Without the images, repeat every line of the listing verbatim.

* Data *
Content starts
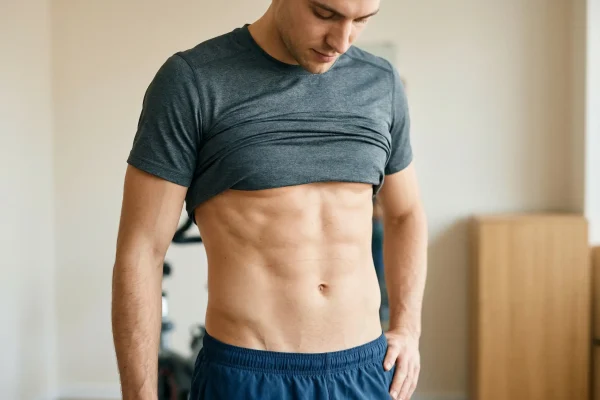 portrait of a man showing his tummy lipo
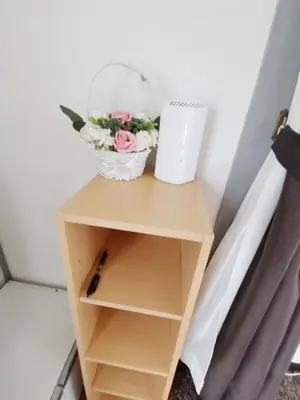 a small wooden shelf with a flower bouquet on it at White house in Tokyo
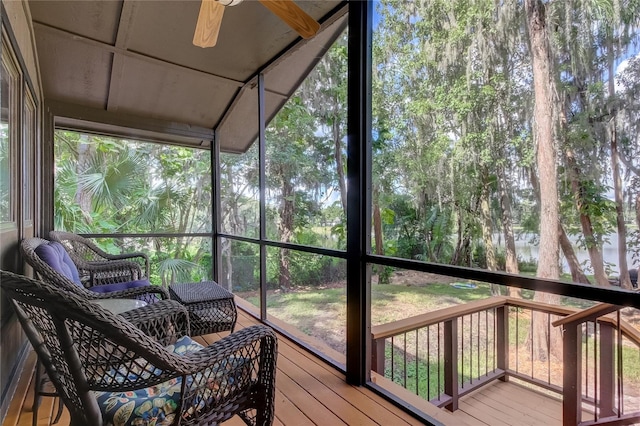 sunroom with a healthy amount of sunlight and ceiling fan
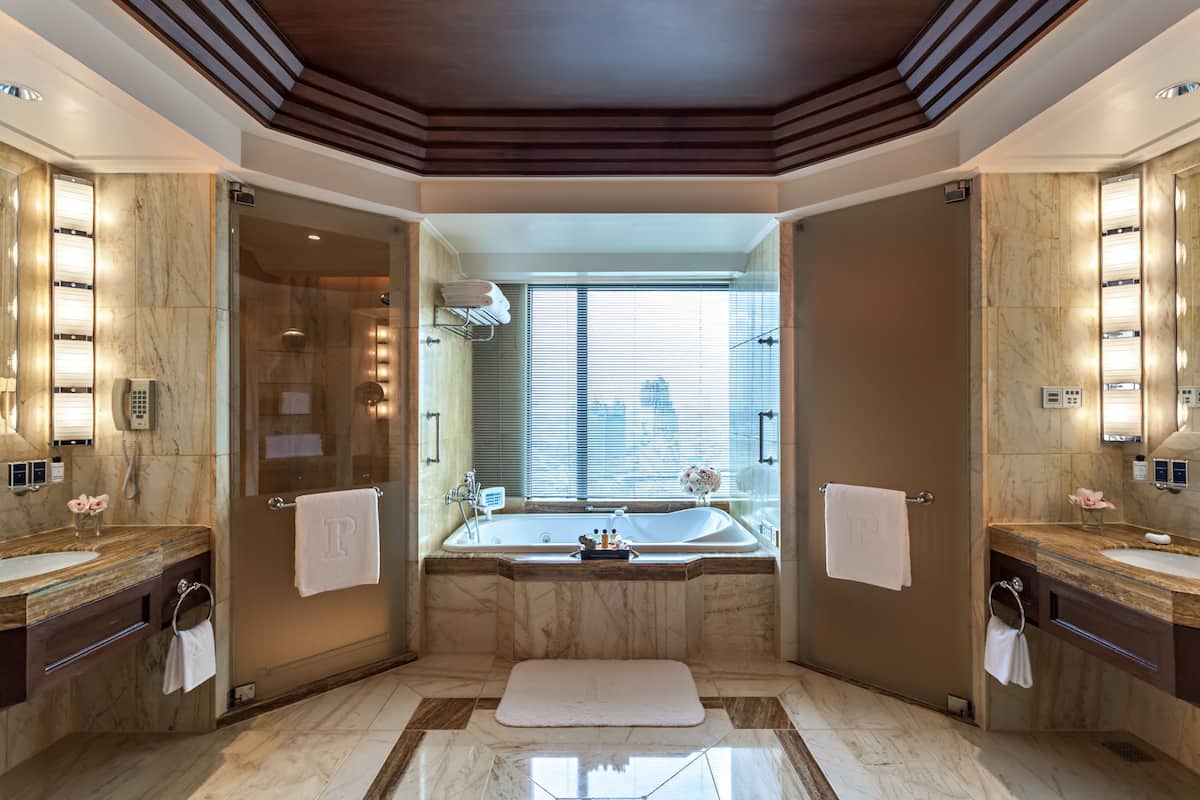 separate bathtub and shower, deep-soaking bathtub, designer toiletries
Content ends
* Written answer *
 portrait of a man showing his tummy lipo
 a small wooden shelf with a flower bouquet on it at White house in Tokyo
 sunroom with a healthy amount of sunlight and ceiling fan
 separate bathtub and shower, deep-soaking bathtub, designer toiletries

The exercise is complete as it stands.